Hatmill consultant Joe Metcalfe agrees there will be a renewed focus on sustainability as we emerge from the pandemic. 

“Businesses are re-engineering warehouses to lower costs and reduce resource in pursuit of net-zero energy.  Carbon-neutral transport is another key trend and represents one of the greatest challenges when looking at new warehousing sites; what infrastructure will you need to support these new vehicles? This could include different loading equipment, onsite fuel storage (or even production) or vehicle docking and recharging stations,” explains Joe.

“Planning to be carbon neutral in 10 years means businesses should be planning now – it always takes longer than people think because there are always so many knock-on impacts to consider. Our advice is to start planning now. Investigate the sorts of technologies that could transform your business and start to do small pilots to check their feasibility and payback.”

Measuring progress

If you don’t measure carbon emissions, how can you reduce them? A survey undertaken for the Foundation for Future Supply Chain in collaboration with its research partner, Ti Insight, has found that out of 184 of the world’s largest transport and logistics companies, only 105 measured and published their carbon emissions, just 57% of the total.

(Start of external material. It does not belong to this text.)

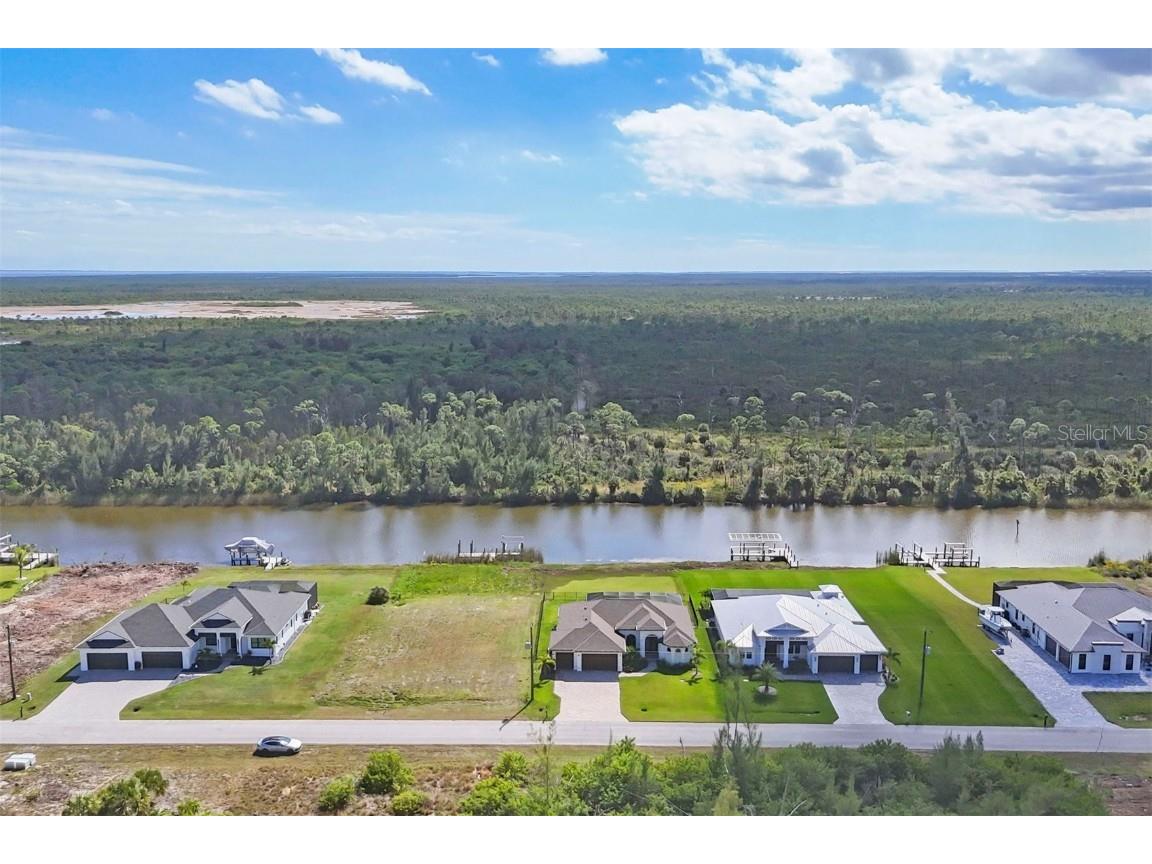 16660 Liggett Circle Port Charlotte FL 33981 - SANTA CRUZ D6144460 image49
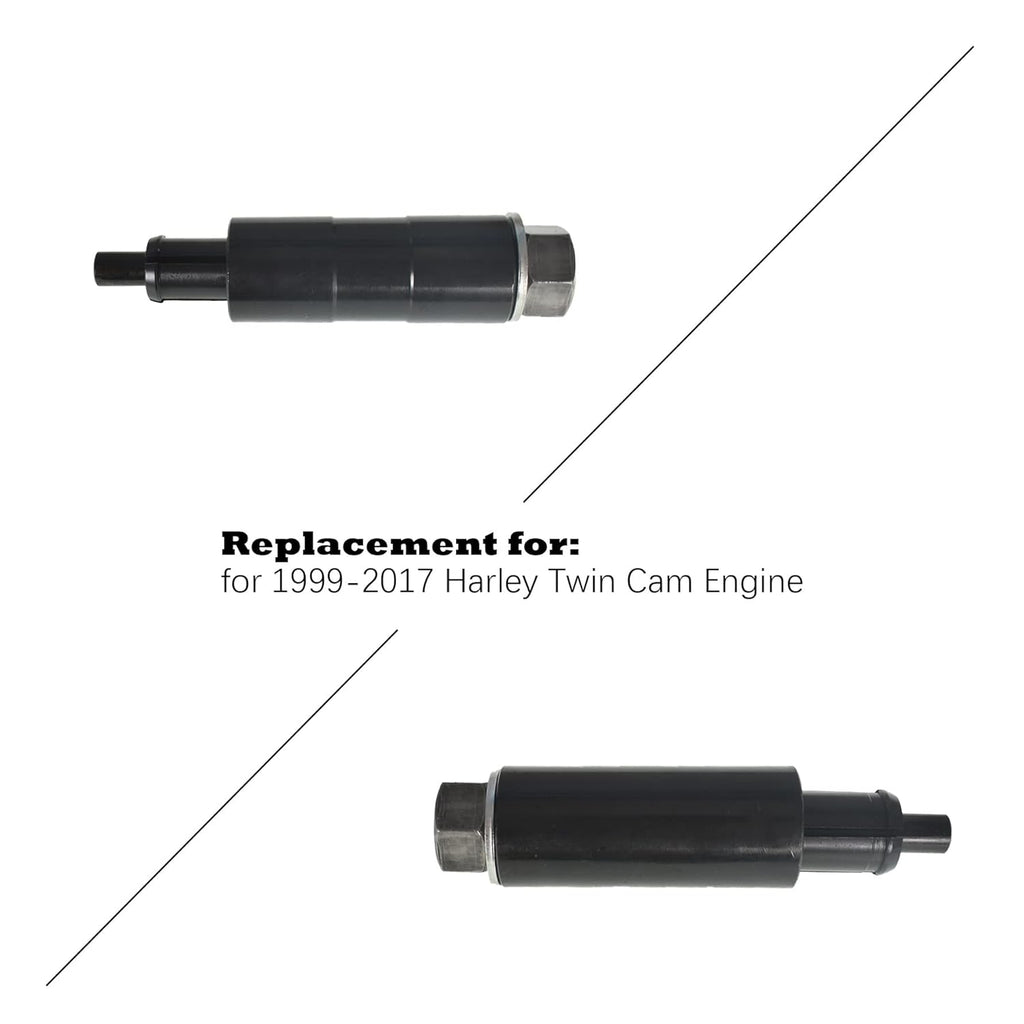 Inner Cam Bearing Installer Puller Tools H7344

John Manners-Bell, writing for the Foundation for Future Supply Chain in the white paper The Challenge of Measuring and Meeting Climate Change Targets says: “Measuring emissions is a fundamental step that needs to be taken before greenhouse gas reduction programmes can be initiated. Given that the transport industry’s success in reducing emissions will be critical to meeting governmental net-zero targets, the fact that such a large proportion of industry leaders have yet to start measuring their emissions is of major concern.”

There are some encouraging signs though, as in 2016 just under a quarter of logistics companies were publishing carbon emissions data (23%), so there has been significant improvement.

Manners-Bell concludes: “Most sectors of the transport and logistics industry are dominated by large numbers of small and medium-sized businesses, many of which will need support if they are to shoulder the additional cost burden of measuring emissions, setting targets and implementing carbon reduction strategies. These costs are significantly easier for big businesses to absorb and this could be an additional way in which to differentiate their operations from smaller competitors. 

“Despite this, there seems to be a reluctance on the part of many corporate managers to embark on the net-zero journey, a position which is increasingly untenable. If more companies do not embrace the need to measure emissions, they will increasingly find themselves at a disadvantage when bidding for new business, or looking for new capital from investors becoming more sensitive to environmental considerations. Furthermore, governments around the world will undoubtedly regulate, or extend existing regulations, for mandatory disclosure.”